→ Work order: Leave out the images and return all the data word for word.

→ Source material:
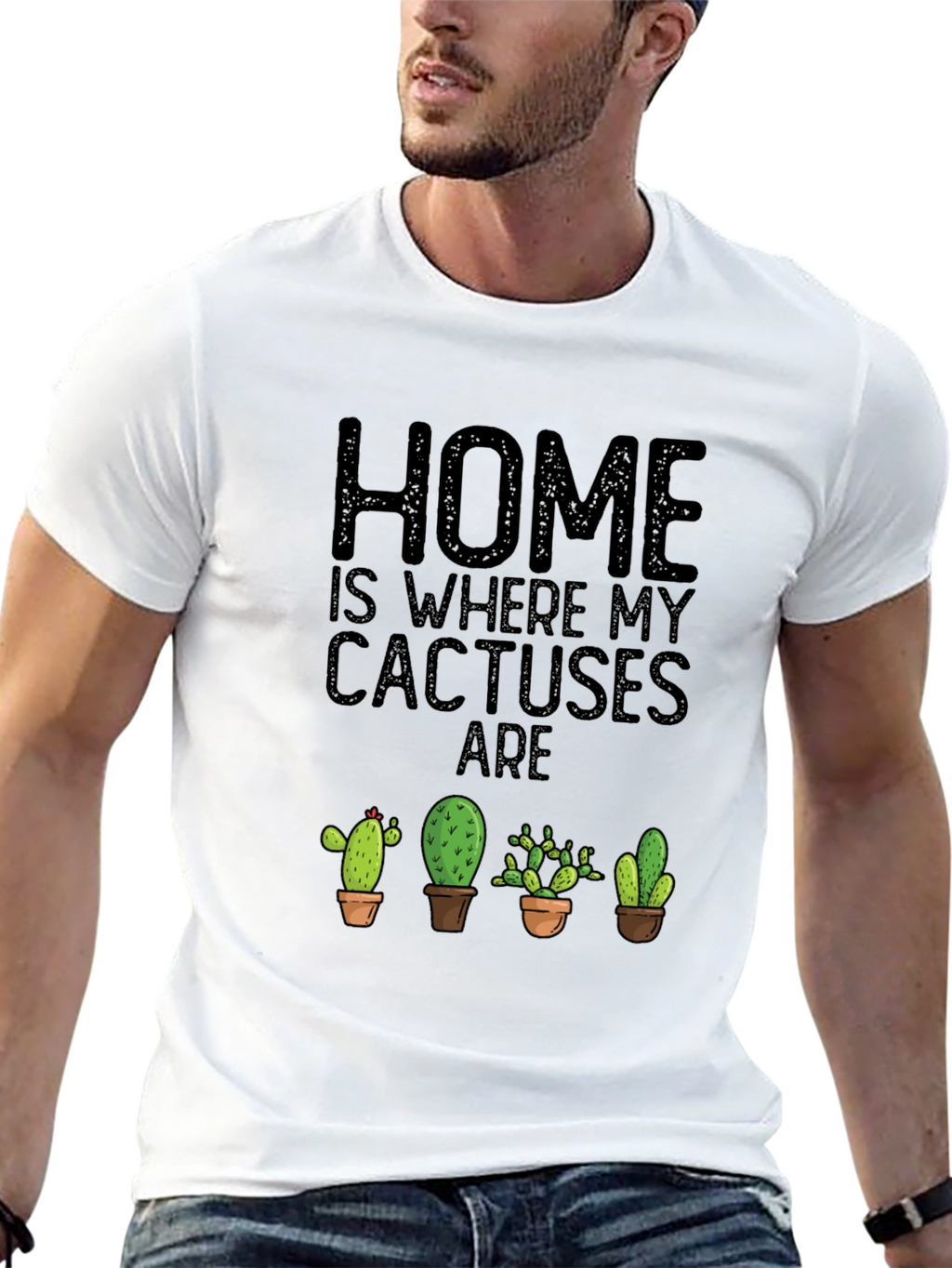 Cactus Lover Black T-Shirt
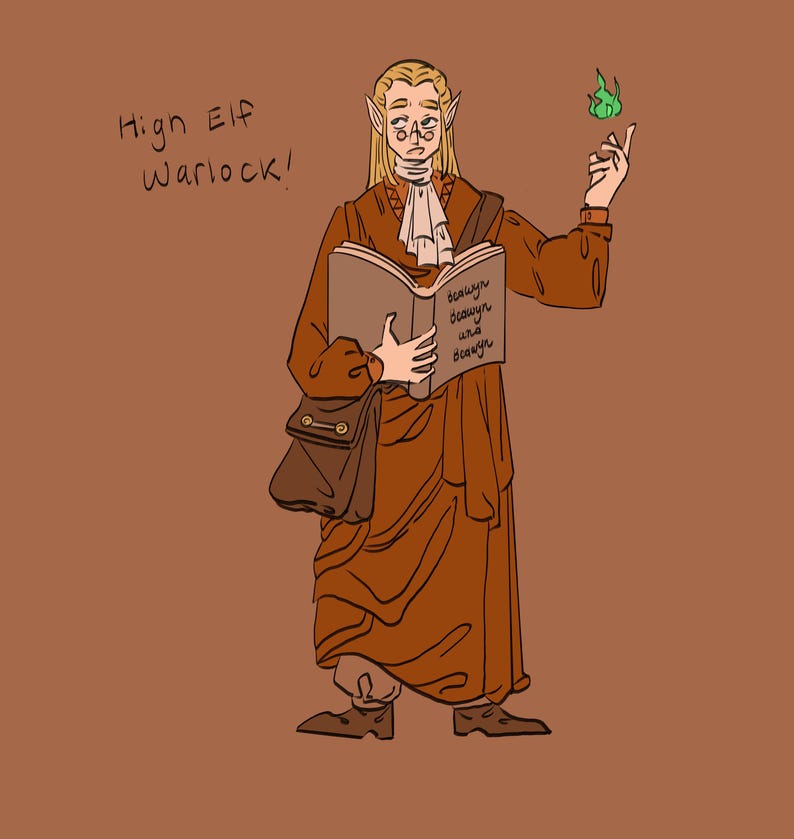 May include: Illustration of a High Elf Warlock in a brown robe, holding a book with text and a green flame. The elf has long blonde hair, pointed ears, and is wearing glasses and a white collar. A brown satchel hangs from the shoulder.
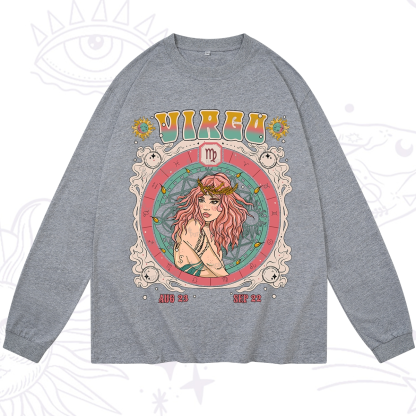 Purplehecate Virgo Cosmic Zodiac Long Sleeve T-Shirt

→ Solution for this exercise:
 Cactus Lover Black T-Shirt
 May include: Illustration of a High Elf Warlock in a brown robe, holding a book with text and a green flame. The elf has long blonde hair, pointed ears, and is wearing glasses and a white collar. A brown satchel hangs from the shoulder.
 Purplehecate Virgo Cosmic Zodiac Long Sleeve T-Shirt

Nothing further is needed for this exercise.